Fonetiikan Päivät 2002

ABSTRACT

A new database project has been launched at the Institute of Cybernetics this year. It aims the collection of telephone speech from a large number of speakers for speech and speaker recognition purposes. At least 1000 speakers are expected to participate in recordings. SpeechDat databases (http://www.speechdat.org), especially Finnish SpeechDat, has been chosen as a prototype for the Estonian database. It means that principles of corpus design, file formats, recording and labeling methods implemented by SpeechDat consortium will be followed as closely as possible.
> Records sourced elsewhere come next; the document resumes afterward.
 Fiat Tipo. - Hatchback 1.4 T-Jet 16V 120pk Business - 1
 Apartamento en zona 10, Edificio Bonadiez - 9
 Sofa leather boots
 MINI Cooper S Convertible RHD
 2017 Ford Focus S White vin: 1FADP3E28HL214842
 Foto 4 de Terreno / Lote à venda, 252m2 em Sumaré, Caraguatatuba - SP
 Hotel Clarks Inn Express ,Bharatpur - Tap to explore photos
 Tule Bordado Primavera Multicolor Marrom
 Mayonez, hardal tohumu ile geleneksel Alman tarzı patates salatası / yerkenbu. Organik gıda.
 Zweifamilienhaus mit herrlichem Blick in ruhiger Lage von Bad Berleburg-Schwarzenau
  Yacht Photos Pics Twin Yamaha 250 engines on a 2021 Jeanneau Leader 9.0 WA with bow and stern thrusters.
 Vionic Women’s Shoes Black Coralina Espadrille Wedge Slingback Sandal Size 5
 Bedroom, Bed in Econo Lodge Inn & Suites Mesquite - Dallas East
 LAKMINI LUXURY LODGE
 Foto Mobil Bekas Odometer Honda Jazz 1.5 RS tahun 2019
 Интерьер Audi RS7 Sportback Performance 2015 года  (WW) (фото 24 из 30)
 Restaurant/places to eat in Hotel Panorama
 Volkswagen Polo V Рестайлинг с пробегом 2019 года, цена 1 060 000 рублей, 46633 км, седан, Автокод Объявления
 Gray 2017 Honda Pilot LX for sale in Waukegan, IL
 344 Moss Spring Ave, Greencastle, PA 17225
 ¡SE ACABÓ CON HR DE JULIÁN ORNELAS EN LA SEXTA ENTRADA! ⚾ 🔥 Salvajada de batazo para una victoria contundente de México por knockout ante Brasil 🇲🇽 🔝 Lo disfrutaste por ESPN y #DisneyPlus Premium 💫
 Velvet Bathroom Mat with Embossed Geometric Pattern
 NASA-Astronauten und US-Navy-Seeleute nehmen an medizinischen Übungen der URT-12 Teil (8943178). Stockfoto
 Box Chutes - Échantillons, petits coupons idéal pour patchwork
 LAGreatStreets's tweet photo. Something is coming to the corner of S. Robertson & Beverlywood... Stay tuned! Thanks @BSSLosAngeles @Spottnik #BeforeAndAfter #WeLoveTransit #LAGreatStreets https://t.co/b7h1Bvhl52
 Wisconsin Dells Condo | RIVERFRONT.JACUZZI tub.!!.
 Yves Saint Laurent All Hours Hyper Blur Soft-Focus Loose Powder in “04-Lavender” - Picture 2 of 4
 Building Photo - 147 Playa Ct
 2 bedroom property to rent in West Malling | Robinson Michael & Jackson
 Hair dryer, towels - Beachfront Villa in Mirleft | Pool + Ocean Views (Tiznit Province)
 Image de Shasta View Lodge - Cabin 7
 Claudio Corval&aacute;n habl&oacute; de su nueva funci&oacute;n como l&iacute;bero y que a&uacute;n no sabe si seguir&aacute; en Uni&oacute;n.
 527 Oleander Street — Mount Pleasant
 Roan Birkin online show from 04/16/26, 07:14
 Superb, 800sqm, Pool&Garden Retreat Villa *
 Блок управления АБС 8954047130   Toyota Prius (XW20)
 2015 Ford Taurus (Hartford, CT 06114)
The automatic recording system and labeling software developed by SpeechDat partners have been adopted for Estonian, as well.

The main characteristics of the Estonian SpeechDat database will be as follows:

Sampling rate: 8 kHz

Signal format: 8-bit A-law, mono

Signal source: calls from fixed and cellular phones

Calling environment: home/office, public place

Speakers: at least 1000 (500 female, 500 male)

Speech items: isolated digits, connected digits, natural numbers, money amounts, spelled words, time phrases, date phrases, yes/no questions, names, application words, phonetically rich words, application phrases, phonetically rich sentences.

The duration of the project has been planned for 24 months divided into four main stages:

Preparatory activities (6 months)

Recordings (4-6 months)

Segmentation and labeling (10-12 months)

Completion (4-6 months)

Currently, the preparatory activities are completed and intensive recording period is about to begin.

In our presentation different aspects of the first stage of the project will be discussed and up to date progress will be reported.